[COLLECTED MATERIAL — start]

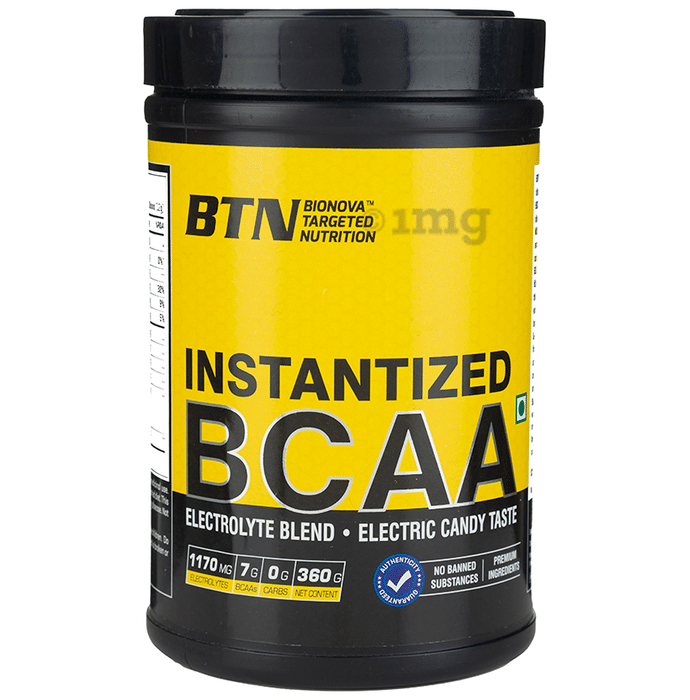 BTN Instantized BCAA Electrolyte Blend Powder Electric Candy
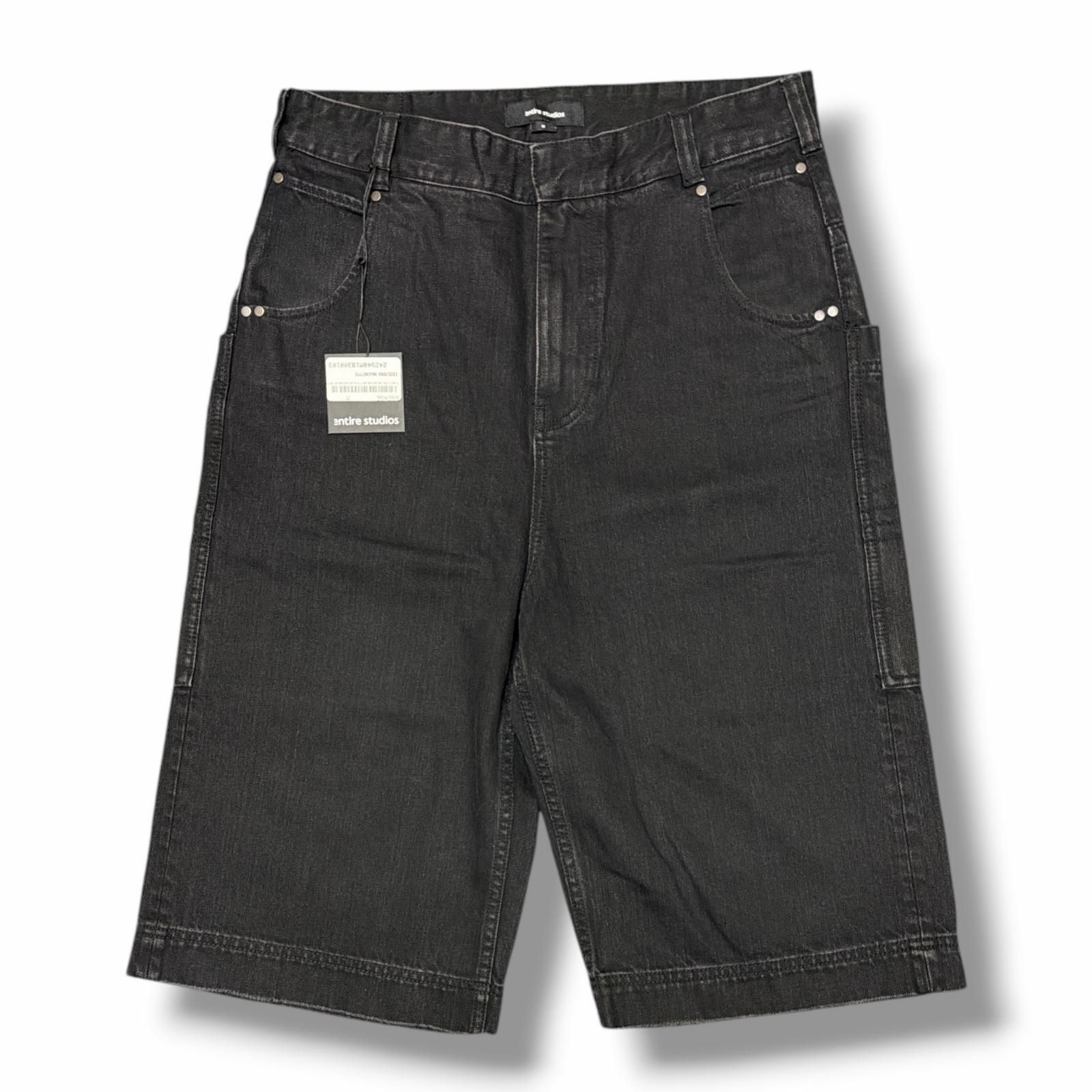 参考上代48400円 entire studios DROP7 HEAVY DENIM SHORTS ヘビーデニムショーツ ハー�
1ff8
�パンツ エンタイアスタジオ ES2570 NAGNETITE M （5466M）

[COLLECTED MATERIAL — finish]

WORK REQUEST:
Could you output the listing word for word, omitting every picture?

ANSWER SPACE:
 BTN Instantized BCAA Electrolyte Blend Powder Electric Candy
 参考上代48400円 entire studios DROP7 HEAVY DENIM SHORTS ヘビーデニムショーツ ハー�
1ff8
�パンツ エンタイアスタジオ ES2570 NAGNETITE M （5466M）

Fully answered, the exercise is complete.